US 12,235,896 B2
Methods and apparatus to fingerprint an audio signal via exponential normalization
Alexander Berrian, Emeryville, CA (US); Matthew James Wilkinson, Emeryville, CA (US); and Robert Coover, Orinda, CA (US)
Assigned to Gracenote, Inc., New York, NY (US)
Filed by Gracenote, Inc., Emeryville, CA (US)
Filed on May 24, 2024, as Appl. No. 18/674,678.
Application 18/674,678 is a continuation of application No. 16/696,874, filed on Nov. 26, 2019, granted, now 12,032,628.
Prior Publication US 2024/0386051 A1, Nov. 21, 2024
This patent is subject to a terminal disclaimer.
Int. Cl.
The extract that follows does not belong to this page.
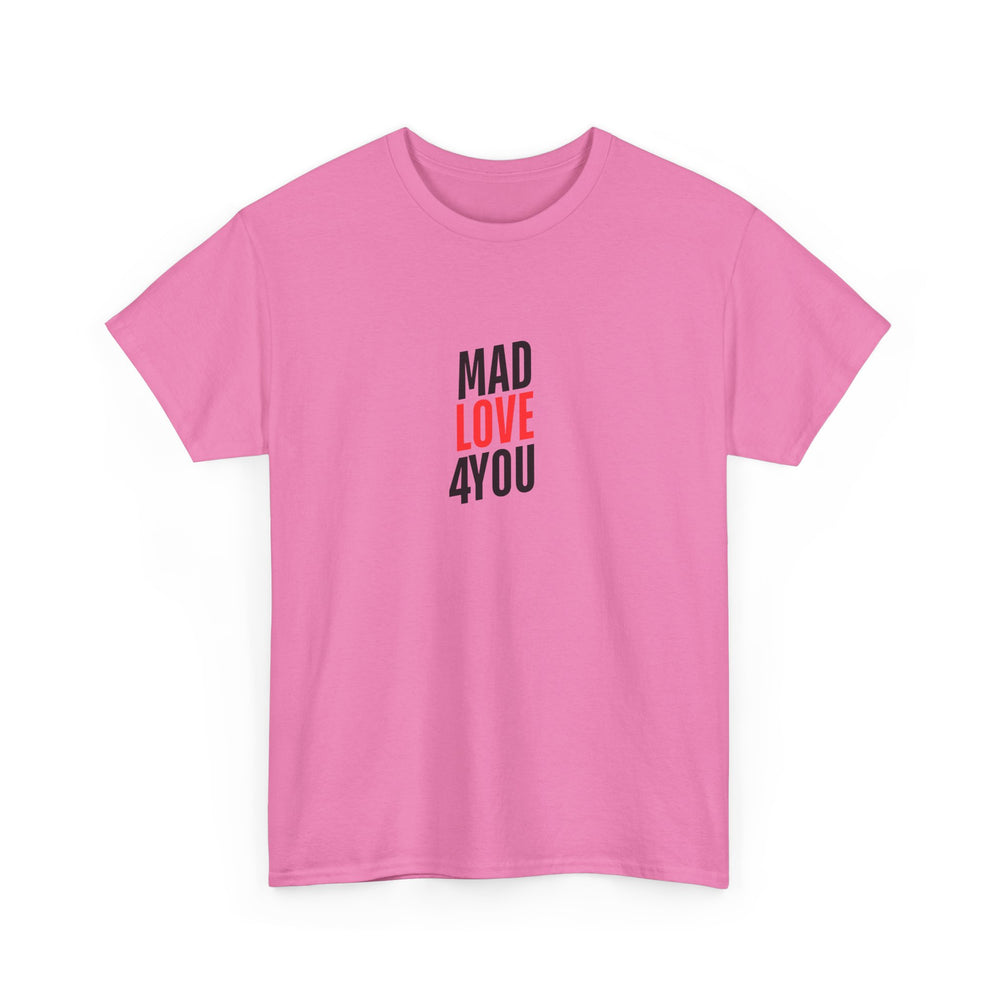 Mad Love 4 You Men's Heavy Cotton Tee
G10L 25/51 (2013.01); G06F 16/683 (2019.01); G10L 25/21 (2013.01)
CPC G06F 16/683 (2019.01) [G10L 25/21 (2013.01); G10L 25/51 (2013.01)] 20 Claims
OG exemplary drawing
 
1. A tangible, non-transitory computer readable medium comprising instructions, which when executed, cause one or more processors to perform a set of operations comprising:
transforming an audio signal into a frequency domain including a plurality of time-frequency bins, wherein each time-frequency bin of the plurality of time-frequency bins corresponds to an intersection of a frequency bin and a time bin and contains a portion of the audio signal;
determining a first audio segment comprising a first group of time-frequency bins, wherein the first group of time-frequency bins comprises a first time-frequency bin;
determining a second audio segment comprising a second group of time-frequency bins, wherein the second group of time-frequency bins comprises a second time-frequency bin;
determining an exponential mean value associated with the second time-frequency bin based on a magnitude of the audio signal associated with the second time-frequency bin;
normalizing the first time-frequency bin based on the exponential mean value;
generating a fingerprint of the audio signal based on the normalized first time-frequency bin;
generating a subfingerprint by selecting energy extrema associated with the normalized first time-frequency bin, wherein the fingerprint comprises the subfingerprint, and wherein selecting the energy extrema comprises selecting one or more normalized time-frequency bins with highest normalized energy values; and
based on the normalized first time-frequency bin, discarding the first group of time-frequency bins.